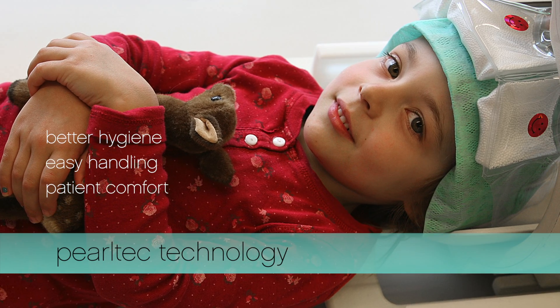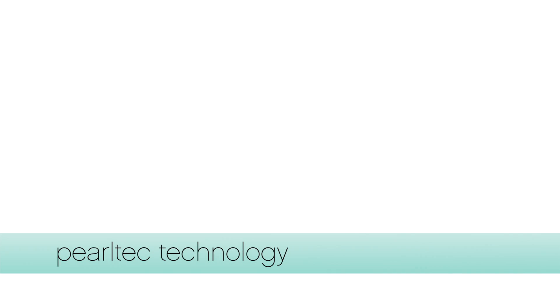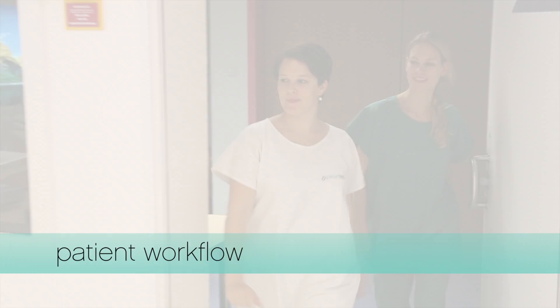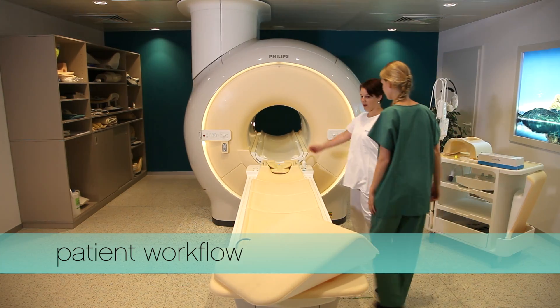The new PearlTech patient positioning devices enhance the workflow efficiency of your department. This video demonstrates how easy it is to use crania, PearlTech's head positioning device.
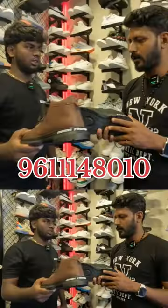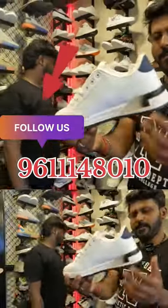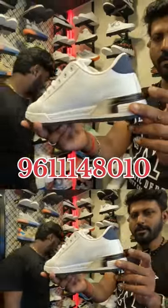This one is 300. It is 1300. Two colors. Black. Black color. It's very low. This one is a black color.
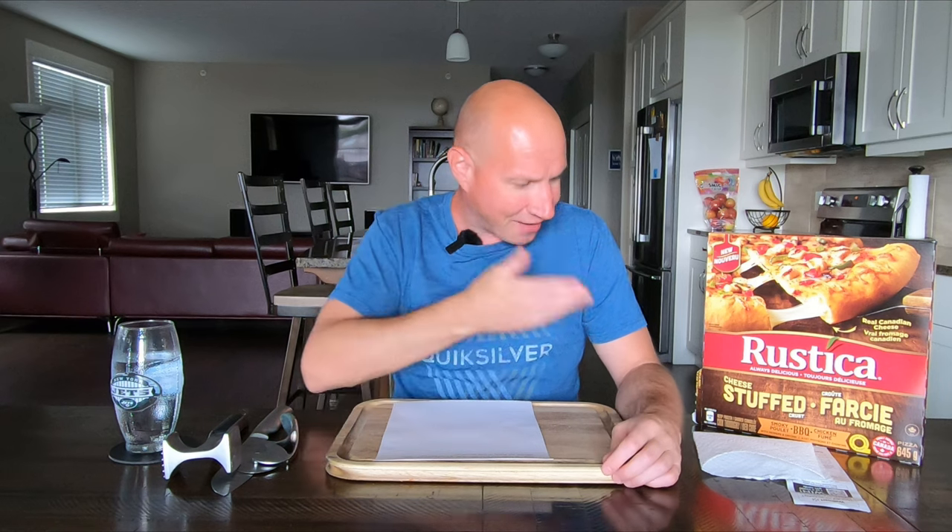Hey everyone, welcome back to Just Food Reviews. Frozen pizza review Sunday — going to a few different stores and I noticed the Delicio have moved out and they've moved these in. This is a Canadian brand called Rustica, I think they're out of Quebec. I also looked into it and they have these new stuffed crust pizzas, so I'll try one of those. I might have made a bad decision here.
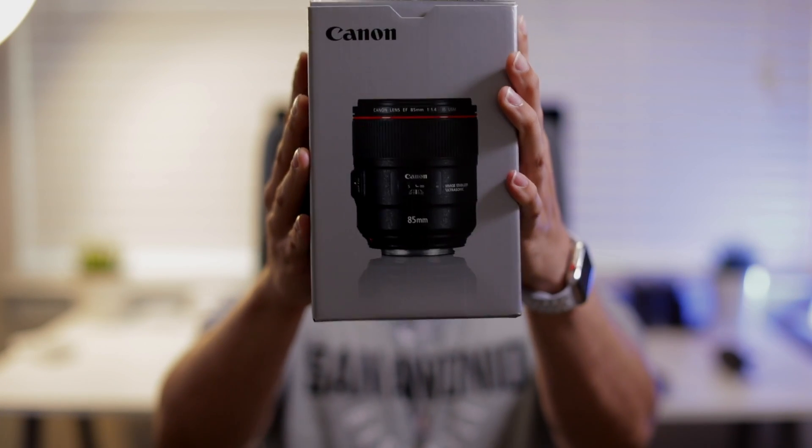Super excited — check this out. This is obviously Canon's latest and greatest. It's got image stabilization, which with a system like Canon's where you don't have an image-stabilized sensor, it makes a huge difference. So let's go ahead and unbox it and do a little test footage on it and see how it looks.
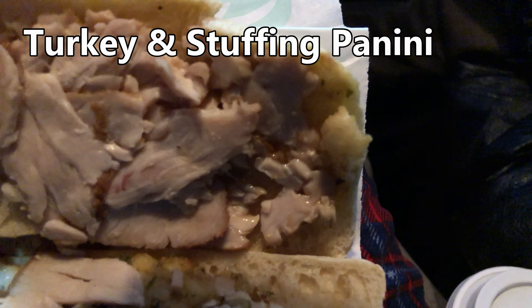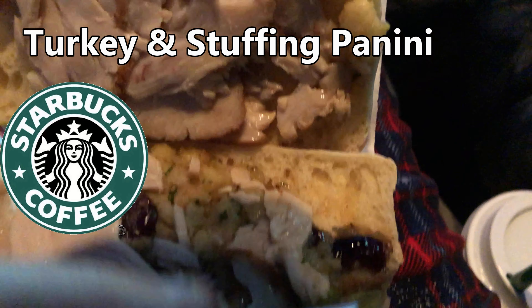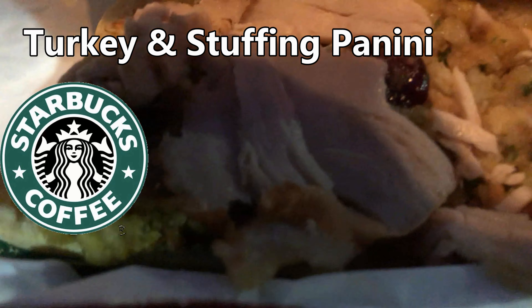So here's the turkey. There's your turkey right here. There's your cranberry sauce. And your stuffing. Alright, let's give this a try.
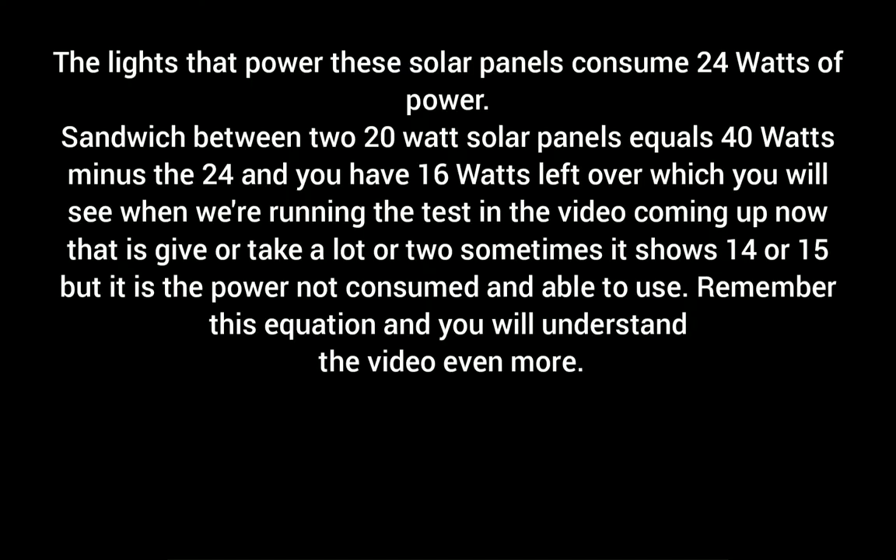If you understand that you have 16 watts left over out of the 40 watts that's being generated, then you will understand this video even more. Take a look at this equation — freeze the frame and examine it. You will understand.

* * * *

▸ Problem:
Once the pictures are set aside, repeat each entry exactly as it stands.

▸ Output below:
The new PearlTech patient positioning devices enhance the workflow efficiency of your department. This video demonstrates how easy it is to use crania, PearlTech's head positioning device.
This one is 300. It is 1300. Two colors. Black. Black color. It's very low. This one is a black color.
Hey everyone, welcome back to Just Food Reviews. Frozen pizza review Sunday — going to a few different stores and I noticed the Delicio have moved out and they've moved these in. This is a Canadian brand called Rustica, I think they're out of Quebec. I also looked into it and they have these new stuffed crust pizzas, so I'll try one of those. I might have made a bad decision here.
Super excited — check this out. This is obviously Canon's latest and greatest. It's got image stabilization, which with a system like Canon's where you don't have an image-stabilized sensor, it makes a huge difference. So let's go ahead and unbox it and do a little test footage on it and see how it looks.
So here's the turkey. There's your turkey right here. There's your cranberry sauce. And your stuffing. Alright, let's give this a try.
If you understand that you have 16 watts left over out of the 40 watts that's being generated, then you will understand this video even more. Take a look at this equation — freeze the frame and examine it. You will understand.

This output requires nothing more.